(Scraped caption text data)

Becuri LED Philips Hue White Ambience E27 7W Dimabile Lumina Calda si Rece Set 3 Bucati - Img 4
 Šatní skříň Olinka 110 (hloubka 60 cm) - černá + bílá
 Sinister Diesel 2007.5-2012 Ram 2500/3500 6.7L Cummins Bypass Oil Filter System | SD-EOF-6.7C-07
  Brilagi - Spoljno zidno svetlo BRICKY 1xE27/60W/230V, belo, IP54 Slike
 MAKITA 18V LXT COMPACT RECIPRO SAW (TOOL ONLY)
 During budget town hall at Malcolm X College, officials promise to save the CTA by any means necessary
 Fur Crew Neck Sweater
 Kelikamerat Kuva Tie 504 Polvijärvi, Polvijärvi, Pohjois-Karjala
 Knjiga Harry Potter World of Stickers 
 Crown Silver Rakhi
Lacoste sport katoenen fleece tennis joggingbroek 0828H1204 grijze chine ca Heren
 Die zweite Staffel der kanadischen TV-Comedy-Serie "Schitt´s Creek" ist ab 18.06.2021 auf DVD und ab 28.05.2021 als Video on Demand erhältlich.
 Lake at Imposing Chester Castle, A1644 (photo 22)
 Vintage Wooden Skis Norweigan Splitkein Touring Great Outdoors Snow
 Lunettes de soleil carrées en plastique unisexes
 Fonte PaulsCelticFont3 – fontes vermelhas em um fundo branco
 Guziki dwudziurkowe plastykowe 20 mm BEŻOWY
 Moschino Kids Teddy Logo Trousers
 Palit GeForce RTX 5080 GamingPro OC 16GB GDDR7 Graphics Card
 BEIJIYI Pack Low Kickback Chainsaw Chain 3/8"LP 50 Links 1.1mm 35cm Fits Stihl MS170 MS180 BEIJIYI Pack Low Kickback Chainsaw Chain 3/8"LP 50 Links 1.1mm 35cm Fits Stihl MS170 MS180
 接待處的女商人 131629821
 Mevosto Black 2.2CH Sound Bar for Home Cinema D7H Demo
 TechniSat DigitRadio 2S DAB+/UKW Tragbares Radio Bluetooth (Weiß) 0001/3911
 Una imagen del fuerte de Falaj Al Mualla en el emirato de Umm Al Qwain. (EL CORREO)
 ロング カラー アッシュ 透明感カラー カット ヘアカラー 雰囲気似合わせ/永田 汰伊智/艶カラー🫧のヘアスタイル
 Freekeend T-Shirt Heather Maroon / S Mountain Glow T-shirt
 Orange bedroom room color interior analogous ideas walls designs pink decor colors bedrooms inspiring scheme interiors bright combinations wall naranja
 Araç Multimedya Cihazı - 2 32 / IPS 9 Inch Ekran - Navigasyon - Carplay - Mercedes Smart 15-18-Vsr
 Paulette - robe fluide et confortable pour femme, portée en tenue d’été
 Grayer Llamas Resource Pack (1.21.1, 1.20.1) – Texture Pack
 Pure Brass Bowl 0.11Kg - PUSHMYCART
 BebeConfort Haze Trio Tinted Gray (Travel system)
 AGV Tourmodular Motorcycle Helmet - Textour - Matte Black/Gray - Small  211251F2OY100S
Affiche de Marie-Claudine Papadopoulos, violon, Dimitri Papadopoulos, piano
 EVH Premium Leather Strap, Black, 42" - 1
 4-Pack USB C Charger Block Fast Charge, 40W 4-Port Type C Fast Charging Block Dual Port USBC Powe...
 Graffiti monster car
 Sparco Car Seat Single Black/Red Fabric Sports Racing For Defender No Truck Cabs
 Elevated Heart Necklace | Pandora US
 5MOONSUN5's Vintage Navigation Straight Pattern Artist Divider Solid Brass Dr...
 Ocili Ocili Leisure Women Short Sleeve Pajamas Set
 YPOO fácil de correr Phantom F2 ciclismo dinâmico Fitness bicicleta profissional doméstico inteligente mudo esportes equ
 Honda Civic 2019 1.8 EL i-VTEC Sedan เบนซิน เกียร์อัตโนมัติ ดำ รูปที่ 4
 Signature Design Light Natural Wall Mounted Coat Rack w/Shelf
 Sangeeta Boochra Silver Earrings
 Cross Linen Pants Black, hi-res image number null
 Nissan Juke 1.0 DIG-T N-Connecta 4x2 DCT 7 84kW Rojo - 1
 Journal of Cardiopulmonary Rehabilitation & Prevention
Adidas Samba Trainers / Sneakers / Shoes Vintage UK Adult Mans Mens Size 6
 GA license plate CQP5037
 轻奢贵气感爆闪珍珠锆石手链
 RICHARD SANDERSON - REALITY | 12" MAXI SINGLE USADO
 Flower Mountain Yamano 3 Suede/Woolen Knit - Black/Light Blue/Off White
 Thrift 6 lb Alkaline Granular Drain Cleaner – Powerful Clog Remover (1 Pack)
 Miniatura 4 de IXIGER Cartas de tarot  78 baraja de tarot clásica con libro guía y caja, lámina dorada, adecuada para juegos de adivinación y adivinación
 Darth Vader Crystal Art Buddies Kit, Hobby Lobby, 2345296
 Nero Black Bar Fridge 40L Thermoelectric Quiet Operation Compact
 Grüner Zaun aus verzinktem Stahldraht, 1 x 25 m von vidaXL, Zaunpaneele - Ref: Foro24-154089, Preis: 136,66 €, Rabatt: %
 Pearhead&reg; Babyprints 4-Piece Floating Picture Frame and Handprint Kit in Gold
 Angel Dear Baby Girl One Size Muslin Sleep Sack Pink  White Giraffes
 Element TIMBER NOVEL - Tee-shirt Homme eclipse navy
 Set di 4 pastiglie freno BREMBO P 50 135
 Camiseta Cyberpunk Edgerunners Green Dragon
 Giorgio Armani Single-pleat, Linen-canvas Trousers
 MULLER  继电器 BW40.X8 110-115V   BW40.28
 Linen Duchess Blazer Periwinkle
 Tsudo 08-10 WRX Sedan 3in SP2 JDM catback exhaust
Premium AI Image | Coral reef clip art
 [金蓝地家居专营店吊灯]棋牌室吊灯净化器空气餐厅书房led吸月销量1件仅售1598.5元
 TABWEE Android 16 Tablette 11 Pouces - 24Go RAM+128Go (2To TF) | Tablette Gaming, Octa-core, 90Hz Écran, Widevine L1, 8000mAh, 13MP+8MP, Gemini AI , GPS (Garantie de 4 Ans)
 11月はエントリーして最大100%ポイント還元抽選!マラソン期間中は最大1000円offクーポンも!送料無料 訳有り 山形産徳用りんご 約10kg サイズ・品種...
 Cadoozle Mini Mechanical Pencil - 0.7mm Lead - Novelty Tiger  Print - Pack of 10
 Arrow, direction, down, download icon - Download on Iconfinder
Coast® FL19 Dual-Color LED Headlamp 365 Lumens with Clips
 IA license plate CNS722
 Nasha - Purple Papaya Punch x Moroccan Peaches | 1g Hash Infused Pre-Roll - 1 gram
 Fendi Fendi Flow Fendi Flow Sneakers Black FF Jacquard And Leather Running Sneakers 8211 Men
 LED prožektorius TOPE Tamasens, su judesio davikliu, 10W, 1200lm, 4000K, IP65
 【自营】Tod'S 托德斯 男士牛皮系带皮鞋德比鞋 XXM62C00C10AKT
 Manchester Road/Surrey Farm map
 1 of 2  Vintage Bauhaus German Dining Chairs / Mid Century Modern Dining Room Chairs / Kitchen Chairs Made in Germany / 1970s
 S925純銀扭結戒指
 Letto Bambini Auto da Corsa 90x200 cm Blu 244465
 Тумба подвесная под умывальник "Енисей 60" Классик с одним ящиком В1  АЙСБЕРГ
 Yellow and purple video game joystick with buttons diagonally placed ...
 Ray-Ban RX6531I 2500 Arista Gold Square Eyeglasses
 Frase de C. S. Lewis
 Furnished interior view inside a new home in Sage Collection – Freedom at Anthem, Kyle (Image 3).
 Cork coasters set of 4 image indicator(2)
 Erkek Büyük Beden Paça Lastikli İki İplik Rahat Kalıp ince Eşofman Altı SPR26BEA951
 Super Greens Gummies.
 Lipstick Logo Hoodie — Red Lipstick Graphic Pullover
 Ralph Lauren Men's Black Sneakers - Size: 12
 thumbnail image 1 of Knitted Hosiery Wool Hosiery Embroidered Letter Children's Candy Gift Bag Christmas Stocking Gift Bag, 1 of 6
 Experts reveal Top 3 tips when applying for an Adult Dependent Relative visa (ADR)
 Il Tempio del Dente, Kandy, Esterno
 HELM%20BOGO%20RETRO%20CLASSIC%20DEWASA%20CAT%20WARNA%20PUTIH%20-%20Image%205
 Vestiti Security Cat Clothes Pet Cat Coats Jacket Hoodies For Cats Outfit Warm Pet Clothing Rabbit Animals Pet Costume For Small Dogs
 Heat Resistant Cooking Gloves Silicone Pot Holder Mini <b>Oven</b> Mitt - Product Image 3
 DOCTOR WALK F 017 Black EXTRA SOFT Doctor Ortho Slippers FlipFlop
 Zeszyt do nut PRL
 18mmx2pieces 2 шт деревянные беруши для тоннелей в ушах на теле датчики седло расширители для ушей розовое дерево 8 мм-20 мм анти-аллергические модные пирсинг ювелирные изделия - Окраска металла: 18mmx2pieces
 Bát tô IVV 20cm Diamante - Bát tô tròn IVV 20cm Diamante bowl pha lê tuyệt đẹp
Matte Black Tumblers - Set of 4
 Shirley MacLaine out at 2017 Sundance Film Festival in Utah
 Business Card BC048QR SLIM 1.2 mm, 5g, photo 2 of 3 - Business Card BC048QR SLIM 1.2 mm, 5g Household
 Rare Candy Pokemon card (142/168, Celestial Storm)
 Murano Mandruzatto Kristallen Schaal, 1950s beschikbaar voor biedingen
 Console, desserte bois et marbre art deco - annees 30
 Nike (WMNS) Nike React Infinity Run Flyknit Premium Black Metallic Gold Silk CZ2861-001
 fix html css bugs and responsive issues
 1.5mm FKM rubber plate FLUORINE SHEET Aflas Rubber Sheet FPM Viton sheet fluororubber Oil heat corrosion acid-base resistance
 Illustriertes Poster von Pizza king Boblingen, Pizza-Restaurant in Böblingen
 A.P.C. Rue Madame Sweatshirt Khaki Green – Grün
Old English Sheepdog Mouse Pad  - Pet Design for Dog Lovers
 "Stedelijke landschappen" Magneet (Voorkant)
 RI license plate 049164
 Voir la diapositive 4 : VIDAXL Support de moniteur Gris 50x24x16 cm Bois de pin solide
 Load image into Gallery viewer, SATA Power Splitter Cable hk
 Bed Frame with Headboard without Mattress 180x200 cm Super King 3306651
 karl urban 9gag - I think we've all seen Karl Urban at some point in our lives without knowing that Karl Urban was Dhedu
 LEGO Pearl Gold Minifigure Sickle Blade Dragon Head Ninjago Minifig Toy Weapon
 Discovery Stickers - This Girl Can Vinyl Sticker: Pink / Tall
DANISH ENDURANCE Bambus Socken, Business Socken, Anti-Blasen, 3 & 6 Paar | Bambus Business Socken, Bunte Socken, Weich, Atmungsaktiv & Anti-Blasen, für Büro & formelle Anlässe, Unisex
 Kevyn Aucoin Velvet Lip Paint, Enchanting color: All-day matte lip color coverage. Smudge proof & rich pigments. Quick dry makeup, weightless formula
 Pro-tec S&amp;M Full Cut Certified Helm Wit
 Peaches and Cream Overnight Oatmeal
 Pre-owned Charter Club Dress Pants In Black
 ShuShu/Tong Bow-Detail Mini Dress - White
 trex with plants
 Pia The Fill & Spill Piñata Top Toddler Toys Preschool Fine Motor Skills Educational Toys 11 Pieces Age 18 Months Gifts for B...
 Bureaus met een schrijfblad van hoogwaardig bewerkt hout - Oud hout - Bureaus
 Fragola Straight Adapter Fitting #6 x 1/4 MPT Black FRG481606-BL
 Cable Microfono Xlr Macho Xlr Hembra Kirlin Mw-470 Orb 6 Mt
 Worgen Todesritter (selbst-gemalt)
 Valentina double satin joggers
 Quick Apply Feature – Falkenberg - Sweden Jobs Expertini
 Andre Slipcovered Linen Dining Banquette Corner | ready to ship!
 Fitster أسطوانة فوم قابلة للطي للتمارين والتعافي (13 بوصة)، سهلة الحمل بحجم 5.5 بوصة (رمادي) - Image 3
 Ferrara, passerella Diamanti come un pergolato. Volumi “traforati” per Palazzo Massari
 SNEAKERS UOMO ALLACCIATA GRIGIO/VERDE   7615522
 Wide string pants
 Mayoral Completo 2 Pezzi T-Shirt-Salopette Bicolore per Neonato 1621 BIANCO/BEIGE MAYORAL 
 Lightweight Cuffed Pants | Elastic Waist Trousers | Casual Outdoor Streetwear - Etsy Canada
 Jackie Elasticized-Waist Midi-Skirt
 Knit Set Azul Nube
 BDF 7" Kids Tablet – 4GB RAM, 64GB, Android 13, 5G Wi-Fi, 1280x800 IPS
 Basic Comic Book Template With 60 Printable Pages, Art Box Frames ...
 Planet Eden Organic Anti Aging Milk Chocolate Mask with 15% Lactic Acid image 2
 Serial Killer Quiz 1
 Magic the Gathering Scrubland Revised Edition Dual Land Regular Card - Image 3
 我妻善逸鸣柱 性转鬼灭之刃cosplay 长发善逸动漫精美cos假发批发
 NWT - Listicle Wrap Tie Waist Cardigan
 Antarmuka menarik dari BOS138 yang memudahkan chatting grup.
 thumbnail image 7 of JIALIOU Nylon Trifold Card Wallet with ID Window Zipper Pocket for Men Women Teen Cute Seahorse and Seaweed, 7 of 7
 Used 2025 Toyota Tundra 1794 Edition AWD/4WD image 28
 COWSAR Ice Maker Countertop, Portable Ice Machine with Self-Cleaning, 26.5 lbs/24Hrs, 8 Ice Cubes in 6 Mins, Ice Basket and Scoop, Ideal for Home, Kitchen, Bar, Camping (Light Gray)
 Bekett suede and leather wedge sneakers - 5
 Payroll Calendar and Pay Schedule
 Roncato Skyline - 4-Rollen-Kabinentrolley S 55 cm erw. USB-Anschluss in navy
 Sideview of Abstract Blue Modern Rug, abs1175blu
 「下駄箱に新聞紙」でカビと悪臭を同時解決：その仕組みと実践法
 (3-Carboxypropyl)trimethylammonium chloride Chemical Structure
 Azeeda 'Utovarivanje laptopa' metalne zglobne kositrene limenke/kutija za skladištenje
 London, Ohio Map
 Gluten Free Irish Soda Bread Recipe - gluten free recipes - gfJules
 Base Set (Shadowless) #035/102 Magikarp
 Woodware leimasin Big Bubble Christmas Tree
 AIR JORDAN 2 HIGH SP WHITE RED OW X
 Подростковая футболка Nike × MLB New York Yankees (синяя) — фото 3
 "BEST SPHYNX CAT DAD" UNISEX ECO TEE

▶ TRY IT:
For the data above, count every line in which the string "Gold" appears, and answer with the count only.

▶ YOUR SOLUTION:
4